Find Your Essential Nature Journal

Wild Garlic Pesto

Siobhan

Siobhán Sloane, Find Your Essential Nature, Ireland

3 April 2020

Wild Garlic is an edible spring flowering plant that grows in woodlands and hedgerows of Ireland in March and April. I first came across this remarkable plant on a guided herb walk with Oonagh O’Dwyer of Wild Kitchen during the Burren Food Fayre a couple of years ago. I was amazed to see this bright green plant foraged from a hedgerow and blended with nuts and oil to create a tasty pesto.
This is my take on wild garlic pesto with a little help from a lovely book The Hedgerow Handbook by Adele Nozedar. There’s also a good recipe in Darina Allens’ Forgotten Skills of Cooking.
I gathered the wild garlic from a woodland near where I live and picked the dandelion leaves, mint and nettles from the back garden.

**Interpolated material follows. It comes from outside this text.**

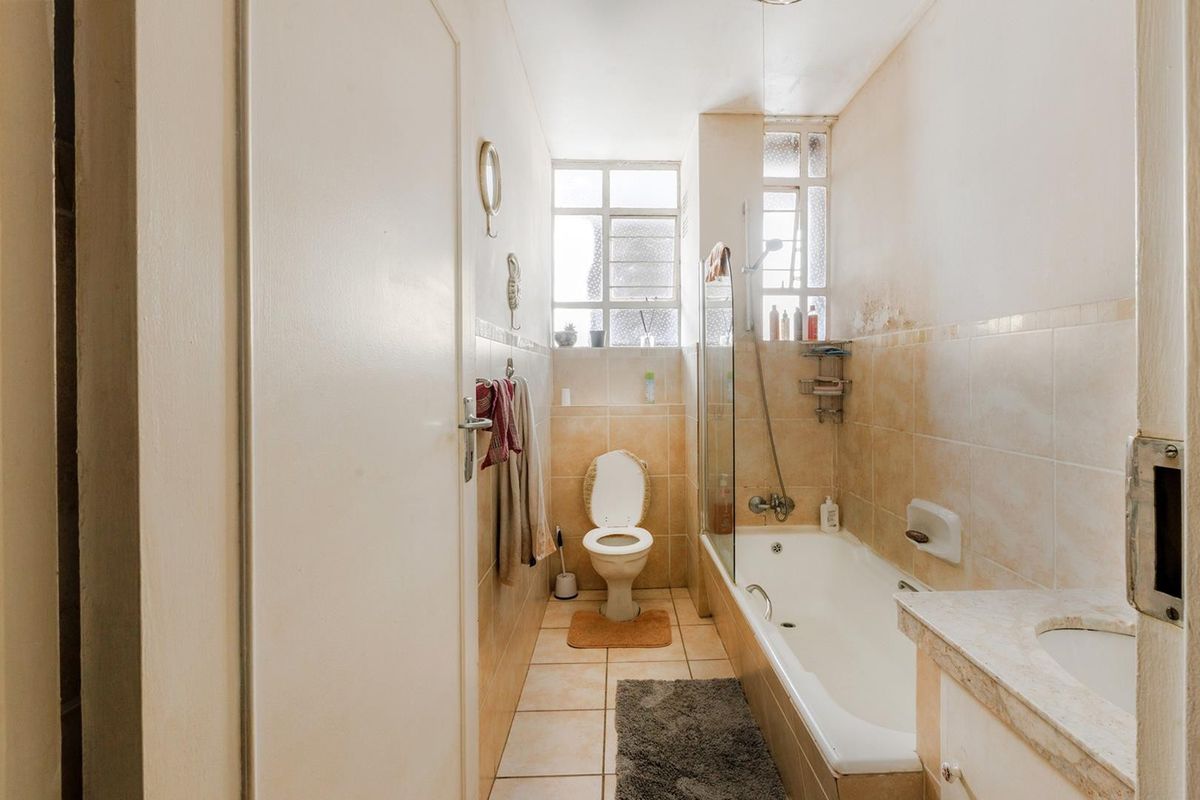 A compact bathroom featuring a bathtub with a glass screen, a toilet, and a vanity sink, with tiled finishes throughout.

The hazelnuts, oil and cheese are shop bought; the cheese is a mature white cheddar style. Measurements are by instinct. 

Ingredients:

  • Hazelnuts – crushed
  • Olive Oil
  • Hard Cheese – grated
  • Wild Garlic Leaves
  • Any other green herbs you have handy.

Method:

Blend the nuts, leaves and herbs, mix in the grated cheese and add the oil. Put the pesto into a glass jar. The wild garlic pesto would probably keep in the fridge for a week or so, but I’ve never had the chance to find out.

The pesto can be eaten on bread or crackers or added to soups or stews. I have tried it on homemade sourdough bread, as a pizza topping and swirled into celeriac soup.